Liga Mistrzów: Legia poznała rywali

Legia Warszawa wciąż jest w grze o Ligę Mistrzów. To bez wątpienia dobra wiadomość, ale nie możemy zapomnieć o ujęciu całościowym – trzeba pokonać jeszcze dwa zespoły – pierwszym rywalem Dinamo Zagrzeb.

Faworyt jest znany

Można również dodać, że wszystko wskazuje na to, iż trzeba będzie pokonać zespoły, które w teorii są lepsze od Legii. Dzisiaj mieliśmy losowanie kolejnej rundy, które wskazało na Crvenę Zvezdę Belgrad lub Sheriffa Tiraspol. Nietrudno wskazać, kto jest faworytem w tej parze.

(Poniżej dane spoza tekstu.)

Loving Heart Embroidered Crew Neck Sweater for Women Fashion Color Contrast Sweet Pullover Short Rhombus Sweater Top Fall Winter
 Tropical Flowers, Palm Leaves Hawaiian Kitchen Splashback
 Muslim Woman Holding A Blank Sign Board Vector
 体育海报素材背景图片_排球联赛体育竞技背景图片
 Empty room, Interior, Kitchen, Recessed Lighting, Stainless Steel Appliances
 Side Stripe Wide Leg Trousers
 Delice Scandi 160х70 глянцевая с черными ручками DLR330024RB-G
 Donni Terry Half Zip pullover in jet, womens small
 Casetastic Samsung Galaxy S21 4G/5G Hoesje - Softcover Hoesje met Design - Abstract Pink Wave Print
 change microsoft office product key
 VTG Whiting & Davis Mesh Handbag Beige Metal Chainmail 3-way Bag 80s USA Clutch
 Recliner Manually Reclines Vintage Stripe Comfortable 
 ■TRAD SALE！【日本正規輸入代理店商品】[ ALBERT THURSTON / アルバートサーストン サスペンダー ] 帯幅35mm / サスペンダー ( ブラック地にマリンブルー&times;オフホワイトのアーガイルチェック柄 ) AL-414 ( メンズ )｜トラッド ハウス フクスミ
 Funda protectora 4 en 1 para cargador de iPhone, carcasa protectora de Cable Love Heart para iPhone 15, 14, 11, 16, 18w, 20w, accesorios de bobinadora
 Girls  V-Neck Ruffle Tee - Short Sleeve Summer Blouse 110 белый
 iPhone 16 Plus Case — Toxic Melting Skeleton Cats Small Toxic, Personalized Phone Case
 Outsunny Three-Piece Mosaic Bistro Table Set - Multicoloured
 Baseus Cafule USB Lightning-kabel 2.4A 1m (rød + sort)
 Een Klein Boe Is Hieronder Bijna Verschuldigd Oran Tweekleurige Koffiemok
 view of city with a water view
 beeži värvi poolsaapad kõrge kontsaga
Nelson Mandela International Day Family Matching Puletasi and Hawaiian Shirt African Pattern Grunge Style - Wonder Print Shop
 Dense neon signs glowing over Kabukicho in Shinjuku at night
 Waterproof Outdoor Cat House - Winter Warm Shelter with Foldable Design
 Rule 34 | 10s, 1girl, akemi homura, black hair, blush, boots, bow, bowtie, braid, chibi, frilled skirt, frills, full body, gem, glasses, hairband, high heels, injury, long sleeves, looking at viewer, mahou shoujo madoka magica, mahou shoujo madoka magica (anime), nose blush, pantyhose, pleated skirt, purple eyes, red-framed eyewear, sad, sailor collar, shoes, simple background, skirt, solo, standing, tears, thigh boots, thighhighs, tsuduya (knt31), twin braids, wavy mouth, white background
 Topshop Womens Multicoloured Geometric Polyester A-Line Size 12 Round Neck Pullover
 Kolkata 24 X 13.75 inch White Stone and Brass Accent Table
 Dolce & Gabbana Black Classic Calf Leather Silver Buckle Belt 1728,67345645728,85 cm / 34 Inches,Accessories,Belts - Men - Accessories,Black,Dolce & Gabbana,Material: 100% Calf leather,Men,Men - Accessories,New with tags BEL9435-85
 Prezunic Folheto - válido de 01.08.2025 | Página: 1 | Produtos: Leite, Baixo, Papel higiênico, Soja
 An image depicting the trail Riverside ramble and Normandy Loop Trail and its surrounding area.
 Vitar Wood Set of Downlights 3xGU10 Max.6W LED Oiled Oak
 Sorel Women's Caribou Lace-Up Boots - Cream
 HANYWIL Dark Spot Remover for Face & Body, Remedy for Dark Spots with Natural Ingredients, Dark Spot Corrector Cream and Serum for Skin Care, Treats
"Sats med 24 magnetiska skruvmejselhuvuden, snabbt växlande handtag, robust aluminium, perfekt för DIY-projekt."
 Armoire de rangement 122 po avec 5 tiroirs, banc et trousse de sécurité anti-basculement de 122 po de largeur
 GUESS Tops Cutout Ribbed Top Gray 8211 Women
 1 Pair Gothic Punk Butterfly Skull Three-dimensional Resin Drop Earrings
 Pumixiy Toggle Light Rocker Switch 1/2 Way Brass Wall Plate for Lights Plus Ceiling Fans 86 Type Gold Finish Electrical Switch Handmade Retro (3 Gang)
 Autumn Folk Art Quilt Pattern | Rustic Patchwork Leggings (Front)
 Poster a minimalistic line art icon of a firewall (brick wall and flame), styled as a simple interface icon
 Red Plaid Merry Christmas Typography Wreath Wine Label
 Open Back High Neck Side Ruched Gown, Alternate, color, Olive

Niemniej nie ma sensu przesadnie skupiać się na przyszłości, wszak faworytem jest Dinamo Zagrzeb. Zresztą wystarczy zwrócić uwagę na ostatnie lata obu klubów. Ktoś może powiedzieć, że przeszłość to nie wszystko (co jest oczywiście prawdą), ale czy to coś zmienia? Wydaje się, że nawet najwięksi optymiści mogą mieć ogromne obawy – mistrzowie Polski są bardzo dalecy od swojej optymalnej dyspozycji. Rzecz jasna nie można zapomnieć o roszadach, ale to samo możemy mówić o dwóch meczach z Florą Tallinn. Ewentualne niepowodzenie z Dinamem Zagrzeb oznacza trafienie do Ligi Europy. Tam w ostatniej rundzie eliminacji czekać będzie Slavia Praga lub Ferencvaros – obie drużyny walczą o LM, także chodzi o słabszego z tej pary.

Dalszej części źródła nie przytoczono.